- **PROBLEM DESCRIPTION**
Exact reproduction of all the data is required, with pictures excluded.

- **RECORDED INFORMATION**

____

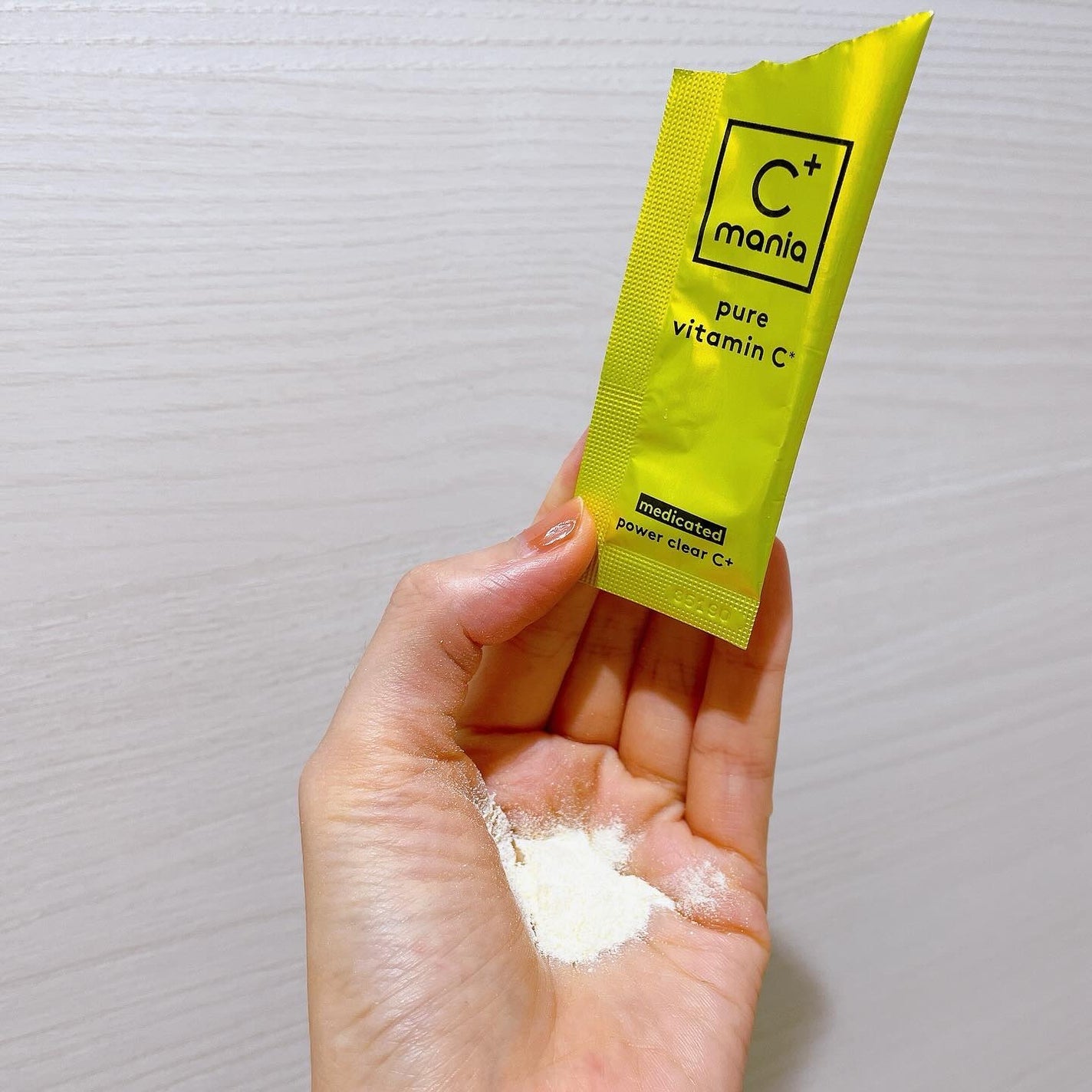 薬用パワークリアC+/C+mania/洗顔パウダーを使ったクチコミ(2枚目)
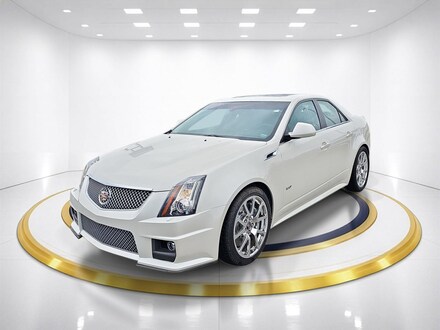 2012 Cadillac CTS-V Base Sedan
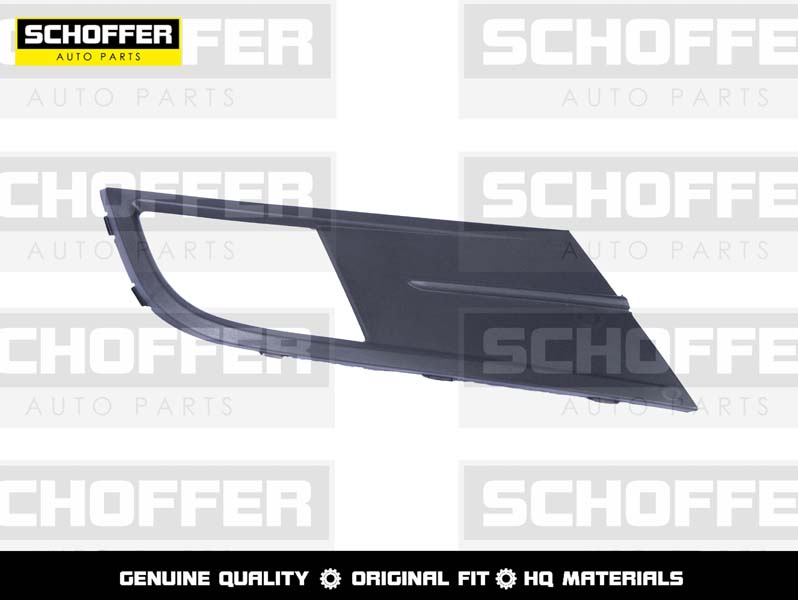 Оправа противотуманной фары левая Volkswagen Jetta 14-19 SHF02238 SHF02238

____

- **PROBLEM SOLUTION**
 薬用パワークリアC+/C+mania/洗顔パウダーを使ったクチコミ(2枚目)
 2012 Cadillac CTS-V Base Sedan
 Оправа противотуманной фары левая Volkswagen Jetta 14-19 SHF02238 SHF02238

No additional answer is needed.